• [Stored data entries]:
====

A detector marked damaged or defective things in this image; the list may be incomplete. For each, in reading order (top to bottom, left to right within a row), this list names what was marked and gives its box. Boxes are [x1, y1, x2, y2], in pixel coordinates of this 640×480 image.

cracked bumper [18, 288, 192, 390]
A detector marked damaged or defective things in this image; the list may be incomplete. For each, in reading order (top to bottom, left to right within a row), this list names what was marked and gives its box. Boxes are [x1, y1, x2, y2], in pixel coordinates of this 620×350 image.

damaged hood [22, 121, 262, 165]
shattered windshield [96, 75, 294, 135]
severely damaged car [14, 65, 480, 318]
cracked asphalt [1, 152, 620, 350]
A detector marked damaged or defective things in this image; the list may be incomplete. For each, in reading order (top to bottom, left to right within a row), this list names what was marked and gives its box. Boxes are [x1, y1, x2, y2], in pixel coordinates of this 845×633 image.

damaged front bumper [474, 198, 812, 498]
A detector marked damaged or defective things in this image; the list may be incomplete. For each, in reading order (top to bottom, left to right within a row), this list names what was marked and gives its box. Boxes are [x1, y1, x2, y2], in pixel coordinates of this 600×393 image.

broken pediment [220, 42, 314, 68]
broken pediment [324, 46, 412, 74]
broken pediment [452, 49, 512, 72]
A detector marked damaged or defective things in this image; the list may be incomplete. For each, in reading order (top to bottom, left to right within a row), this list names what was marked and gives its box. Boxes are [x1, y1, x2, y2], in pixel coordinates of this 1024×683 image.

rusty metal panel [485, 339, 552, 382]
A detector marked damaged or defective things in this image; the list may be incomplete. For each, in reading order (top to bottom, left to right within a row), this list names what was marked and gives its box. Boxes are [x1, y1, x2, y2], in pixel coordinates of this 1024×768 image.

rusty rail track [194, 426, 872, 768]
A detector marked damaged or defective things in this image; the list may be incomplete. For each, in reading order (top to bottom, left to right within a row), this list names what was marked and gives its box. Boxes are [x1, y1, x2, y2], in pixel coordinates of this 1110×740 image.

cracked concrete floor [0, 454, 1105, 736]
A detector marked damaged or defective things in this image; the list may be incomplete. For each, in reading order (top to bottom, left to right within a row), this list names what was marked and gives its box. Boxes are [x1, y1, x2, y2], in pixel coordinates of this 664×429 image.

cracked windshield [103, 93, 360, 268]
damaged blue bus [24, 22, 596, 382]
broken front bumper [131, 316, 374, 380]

====

• [Required work]:
The answer must be an exact copy of the lines from the one containing "this 1110×740 image." through the last line of the records, both included.

• [Exercise output]:
A detector marked damaged or defective things in this image; the list may be incomplete. For each, in reading order (top to bottom, left to right within a row), this list names what was marked and gives its box. Boxes are [x1, y1, x2, y2], in pixel coordinates of this 1110×740 image.

cracked concrete floor [0, 454, 1105, 736]
A detector marked damaged or defective things in this image; the list may be incomplete. For each, in reading order (top to bottom, left to right within a row), this list names what was marked and gives its box. Boxes are [x1, y1, x2, y2], in pixel coordinates of this 664×429 image.

cracked windshield [103, 93, 360, 268]
damaged blue bus [24, 22, 596, 382]
broken front bumper [131, 316, 374, 380]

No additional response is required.